Tony had a beautiful, roaring laugh that was heard often and he will be forever remembered for that, as well as all of his good works. Tony enjoyed fine food, music and travel but also loved being at home with family. He loved large family gatherings and meals and always invited new people into the fold.
Tony was a hero and a champion for social justice his entire life. The loss of his life to ALS was extremely difficult for him and the hundreds of thousands of people who love him. Many, many people, for generations to come, during their working day, will ask themselves before making a decision, “what would Tony do?” Although we no longer hear Tony’s laugh, we encourage everyone from the halls of Olympia to the homes and communities in which he worked, to recall and remember. It will bring joy to your heart.
Tony was preceded in death by his parents Chang Pei Yu Lee and Wai Lee, his sisters Anna Chen, Lucy Lee, Theresa Lee and Magdalene Lee, and his mother-in-law Pokow Chun.

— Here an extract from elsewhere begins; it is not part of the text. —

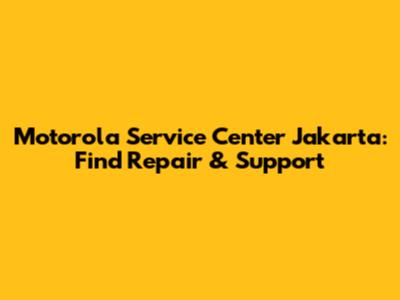 Motorola Service Center Jakarta: Find Repair & Support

He is survived by his wife Angela Bartels, his son Christopher Lee (Sharon Lee), his step-daughter Anna Bartels of Seattle, WA, his siblings Joseph Lee of Bellevue, WA (Wei Lee), Mary Lee Stanzl and Cecilia Lee of Seattle, Bernadette Shih (Bill Shih) and Marie Pang (Tom Pang) of California. Tony is also survived by numerous nieces and nephews and extended family members. Please consider making a memorial to Tony by contributing to the Statewide Poverty Action Network at povertyaction.org, and Social Justice Fund Northwest at socialjusticefund.org.